▶ _RECORDS TO USE_
◇ ◇ ◇ ◇ ◇ ◇ ◇

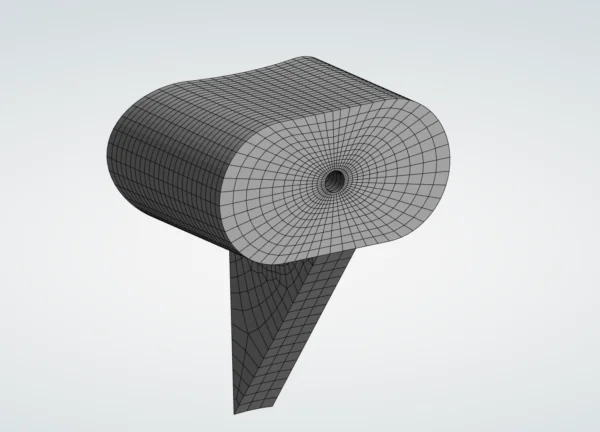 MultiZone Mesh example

◇ ◇ ◇ ◇ ◇ ◇ ◇

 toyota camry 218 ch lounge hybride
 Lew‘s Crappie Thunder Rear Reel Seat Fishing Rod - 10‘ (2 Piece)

◇ ◇ ◇ ◇ ◇ ◇ ◇

▶ _TO DO_
All lines above from the one containing "toyota camry 218 ch lounge hybride" to the one containing "Lew‘s Crappie Thunder" must be repeated exactly, both lines included, and no others.

▶ _THE COMPLETED TASK_
 toyota camry 218 ch lounge hybride
 Lew‘s Crappie Thunder Rear Reel Seat Fishing Rod - 10‘ (2 Piece)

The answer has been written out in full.